When I started writing this note, I had intended to publish a TAM forecast as my output - it’s a logical break - before moving into specific companies. I realized however that my process is iterative and my numbers would likely change significantly after posting. As a result, I’ve documented how I’m framing it and the qualitative factors I’m considering - but will withhold my explicit estimates.

I want to thank everyone who has helped me ramp on optical either by sharing notes or speaking with me [names omitted to respect people’s privacy].

I. The Physics of Optics vs. Copper

BER = Bit Error rate. Insertion loss scales non-linearly implying impracticality at higher rates.

The trade-off between reach and power illustrated above highlights why interconnects are shifting toward optical solutions as bandwidth demands scale.

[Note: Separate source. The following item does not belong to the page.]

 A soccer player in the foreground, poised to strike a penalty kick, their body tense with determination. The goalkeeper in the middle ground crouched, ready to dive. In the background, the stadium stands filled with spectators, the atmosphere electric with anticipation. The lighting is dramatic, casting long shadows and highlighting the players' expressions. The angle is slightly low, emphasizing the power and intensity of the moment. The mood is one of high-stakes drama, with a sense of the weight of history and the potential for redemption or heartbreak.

The leading edge of data center compute is rapidly approaching the copper wall. In copper (Cu) transmission, there is an inverse relationship between lane rate and max reach. As lane rates move toward 224G and beyond, the electrical signal degrades so significantly over distance that Bit Error Rates (BER) exceed manageable thresholds for the physical layouts required in modern high-density AI clusters.

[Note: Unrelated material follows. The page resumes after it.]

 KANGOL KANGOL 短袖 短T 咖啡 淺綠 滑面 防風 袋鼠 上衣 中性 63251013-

As of 1CQ26, Optical use for 800Gb/s is still growing and 1.6Tb is already ramping but we are still very early. I think CREDO mgt. has estimated that 95% of interconnects today are still copper.

In my mind the above table is sufficient to conclude that as lane rates continue to increase, optical networking will continue to replace Cu. There are other reasons why the industry will eventually move to optics and some very technological real hurdles to overcome which I’ll discuss later but these relate to “when” not “if.”

II. Demand Drivers

The majority of incremental demand optical networking will be driven by growth in inference and training compute.

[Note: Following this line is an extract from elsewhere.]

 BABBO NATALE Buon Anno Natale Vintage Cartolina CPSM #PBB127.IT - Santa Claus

Source: OpenRouter, via Fred Alger “Mapping AI Momentum”

Additional compute obviously translates to higher datacenter capex related to AI clusters:

Above is my simple forecast loosely based off recent Dell’Oro estimates where I have total DC capex increasing by 2.4x over the next 5 years. Given the 2 year lead-times on building datacenters, near term consensus is decent. 5 year out estimates vary a bit more.

The upper bound [not shown] is constrained by numerous supply chain bottlenecks over the next few years. The lower bound [not shown] is constrained obviously only by our imagination. There are many possible scenarios where spend is lower 5 years out.

A DC capex estimate is critical to estimating future earnings of optical supply chain companies. While I watch this very closely, I don’t want to spend time in this post debating it.

Ultimately, some portion (my 2025 estimate: LSD %) of that capex is indirectly spent on optical networking. Absent any other changes (of which there are many), I would expect datacom end market demand for optical networking to roughly increase by 2.4x.

III. Network Architecture

This section lays out the observations that lead me to conclude that optical networking will outgrow total DC capex.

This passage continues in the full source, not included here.